Eddy froze a few feet away, unable to take a step closer. I stared ahead as they lowered her deeper and deeper into the earth. I could hear Free asking everyone why they sending her mama away and I knew that Eddy was barely handling it. When I heard him let out a sob, I took a small step closer to him before wrapping one arm around his shoulder, causing him to turn around to wrap his arms around my waist and bury his face in my neck as he cried.

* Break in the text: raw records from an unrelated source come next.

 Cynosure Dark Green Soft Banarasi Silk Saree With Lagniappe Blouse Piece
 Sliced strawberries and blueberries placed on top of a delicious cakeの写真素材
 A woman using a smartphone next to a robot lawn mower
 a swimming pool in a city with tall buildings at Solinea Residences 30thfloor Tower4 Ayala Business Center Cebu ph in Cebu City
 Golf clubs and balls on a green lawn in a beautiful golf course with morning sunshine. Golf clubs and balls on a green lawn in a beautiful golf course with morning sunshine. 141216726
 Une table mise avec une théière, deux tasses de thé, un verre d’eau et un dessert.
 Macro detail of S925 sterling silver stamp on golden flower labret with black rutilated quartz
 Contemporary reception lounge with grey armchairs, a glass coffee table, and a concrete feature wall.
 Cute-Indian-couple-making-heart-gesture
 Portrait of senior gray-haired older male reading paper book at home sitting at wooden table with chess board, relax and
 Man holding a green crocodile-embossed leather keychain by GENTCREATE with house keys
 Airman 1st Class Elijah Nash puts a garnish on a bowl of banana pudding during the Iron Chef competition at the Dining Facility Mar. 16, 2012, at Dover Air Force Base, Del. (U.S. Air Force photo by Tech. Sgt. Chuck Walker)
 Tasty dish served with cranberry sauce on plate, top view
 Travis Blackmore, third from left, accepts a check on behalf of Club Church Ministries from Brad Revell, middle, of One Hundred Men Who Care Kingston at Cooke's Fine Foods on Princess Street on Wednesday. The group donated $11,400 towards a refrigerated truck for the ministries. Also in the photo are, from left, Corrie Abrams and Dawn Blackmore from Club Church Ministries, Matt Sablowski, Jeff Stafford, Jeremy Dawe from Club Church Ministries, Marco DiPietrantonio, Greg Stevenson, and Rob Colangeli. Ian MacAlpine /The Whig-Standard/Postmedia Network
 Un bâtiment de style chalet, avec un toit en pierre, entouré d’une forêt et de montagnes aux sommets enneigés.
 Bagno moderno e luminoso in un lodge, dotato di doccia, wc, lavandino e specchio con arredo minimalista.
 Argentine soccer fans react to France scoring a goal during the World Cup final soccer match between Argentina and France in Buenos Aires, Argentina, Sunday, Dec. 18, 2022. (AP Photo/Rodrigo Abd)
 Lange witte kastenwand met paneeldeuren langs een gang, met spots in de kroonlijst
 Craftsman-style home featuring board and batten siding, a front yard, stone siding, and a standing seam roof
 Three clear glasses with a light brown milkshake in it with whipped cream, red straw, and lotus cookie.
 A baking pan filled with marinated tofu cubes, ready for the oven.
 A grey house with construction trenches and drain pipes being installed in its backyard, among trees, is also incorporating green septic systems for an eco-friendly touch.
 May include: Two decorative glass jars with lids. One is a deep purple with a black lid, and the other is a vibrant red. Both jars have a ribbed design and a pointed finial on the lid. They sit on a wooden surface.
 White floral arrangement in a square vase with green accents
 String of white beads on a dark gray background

The sun seemed hotter than ever but the gentle wind that floated by eased the sting on my face. I closed my eyes as I hugged my best friend tighter than ever and tried to ignore the sound of crying. Just like Eddy, I could feel Antonia around me. She would not have wanted all this. All the black clothing and all the crying. No, she was the type of woman who would have wanted everyone to go to a carnival or just hang out in the backyard instead. She would have wanted us to simply be happy and remember her fondly.

Even though I truly did believe that Antonia was all around us and even though I did believe that we all go a special somewhere after we died on Earth, I could not help but to break down and cry and mourn the loss of such a beautiful woman. She was like my second mom and I felt Eddy’s pain. Things were going to get a lot harder and I knew each member of the Devereux family were going to drift just a little bit farther away without her. In that moment, all I felt was the combined pain of each and every single person present. Even if I did believe that it was her time to go, it was still unfair that it was she of all people who had to die.

Yeah.

That was the first funeral I ever went to.